Your goal - Your copy should repeat the data that follows exactly and contain no image.
:: Data section
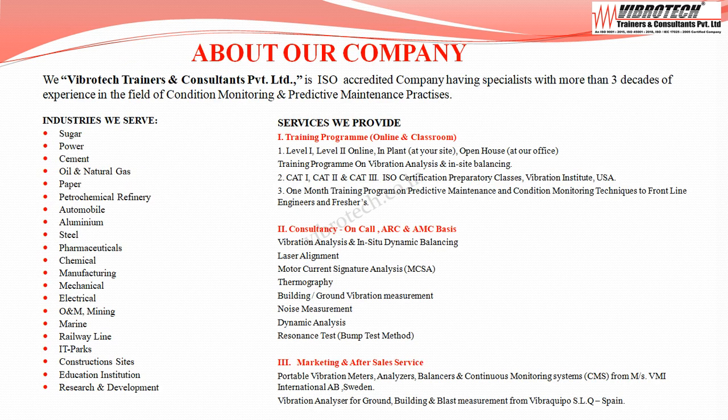Vibratec caters to all major industrial sectors. We conduct vibration analysis Level 1 and Level 2 training programs online and in-plant, along with ISO certified vibration analyst Category 1, 2, and 3 training and examination. Services provided include vibration analysis, in-situ dynamic balancing, laser alignment, motor current signature analysis, thermography, and building or ground vibration measurements. We also market and service machinery vibration analyzers, meters, and low-frequency building vibration analyzers.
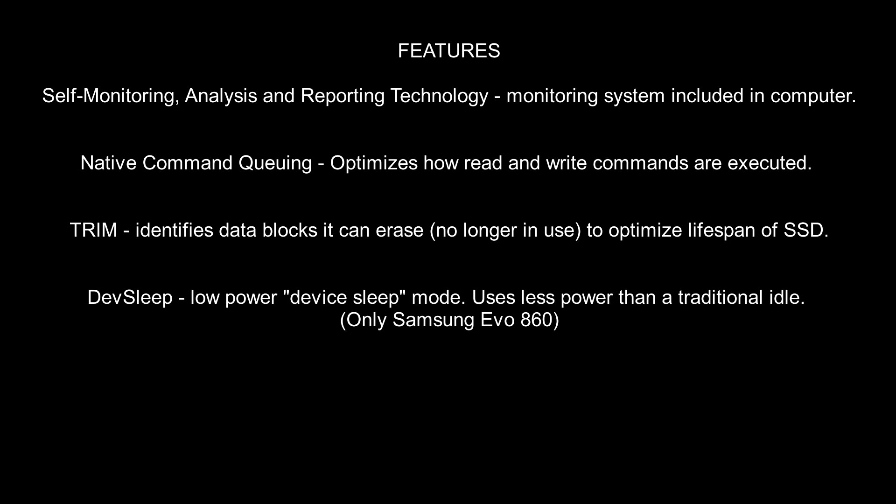Both of them have NCQ, which optimizes the read and write commands. Both of them have TRIM, which optimizes the lifespan of the SSD. But one thing that Samsung has that the Lexar does not have is DevSleep, which is basically a low-power device sleep mode — it uses less power when it's idle.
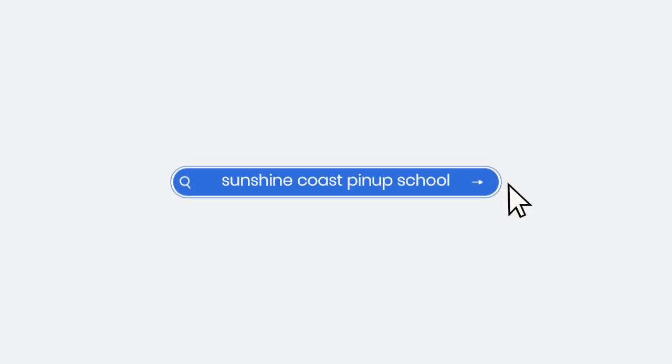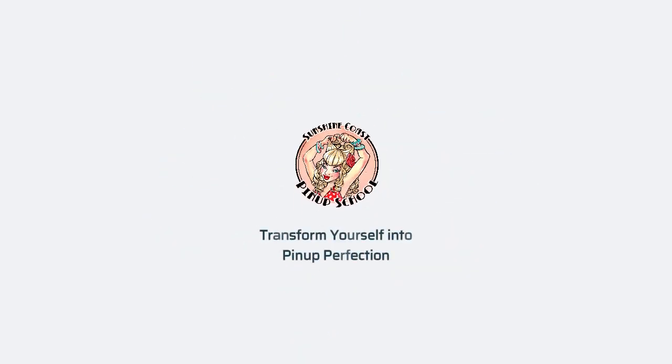Hi, for those of you who do not know me, I'm Renee, also known as Miss HG Mercury from the Sunshine Coast Pinup School. I'm a vintage stylist and a pinup photographer, and I'm all about teaching you how to transform yourself into pinup perfection. So let's go.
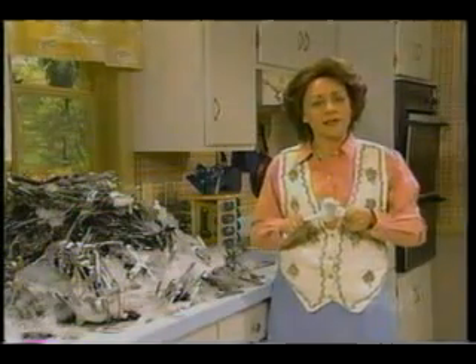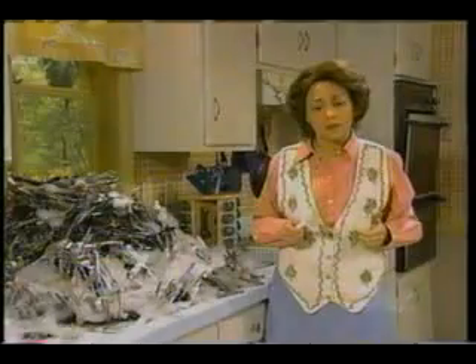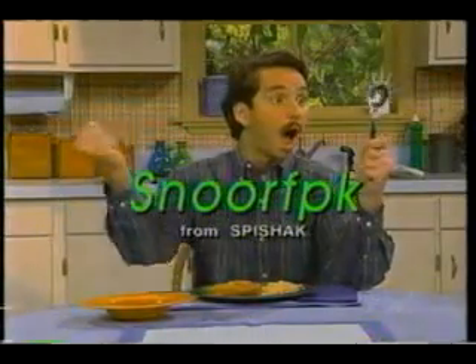Can't there be just one utensil? This is taking three times as long. Well, now there is just one utensil. With the new Snorp from Spishak, your dining problems are solved. The Snorp is the dining tool for the next millennium.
::::
Reply to the exercise -
Vibratec caters to all major industrial sectors. We conduct vibration analysis Level 1 and Level 2 training programs online and in-plant, along with ISO certified vibration analyst Category 1, 2, and 3 training and examination. Services provided include vibration analysis, in-situ dynamic balancing, laser alignment, motor current signature analysis, thermography, and building or ground vibration measurements. We also market and service machinery vibration analyzers, meters, and low-frequency building vibration analyzers.
Both of them have NCQ, which optimizes the read and write commands. Both of them have TRIM, which optimizes the lifespan of the SSD. But one thing that Samsung has that the Lexar does not have is DevSleep, which is basically a low-power device sleep mode — it uses less power when it's idle.
Hi, for those of you who do not know me, I'm Renee, also known as Miss HG Mercury from the Sunshine Coast Pinup School. I'm a vintage stylist and a pinup photographer, and I'm all about teaching you how to transform yourself into pinup perfection. So let's go.
Can't there be just one utensil? This is taking three times as long. Well, now there is just one utensil. With the new Snorp from Spishak, your dining problems are solved. The Snorp is the dining tool for the next millennium.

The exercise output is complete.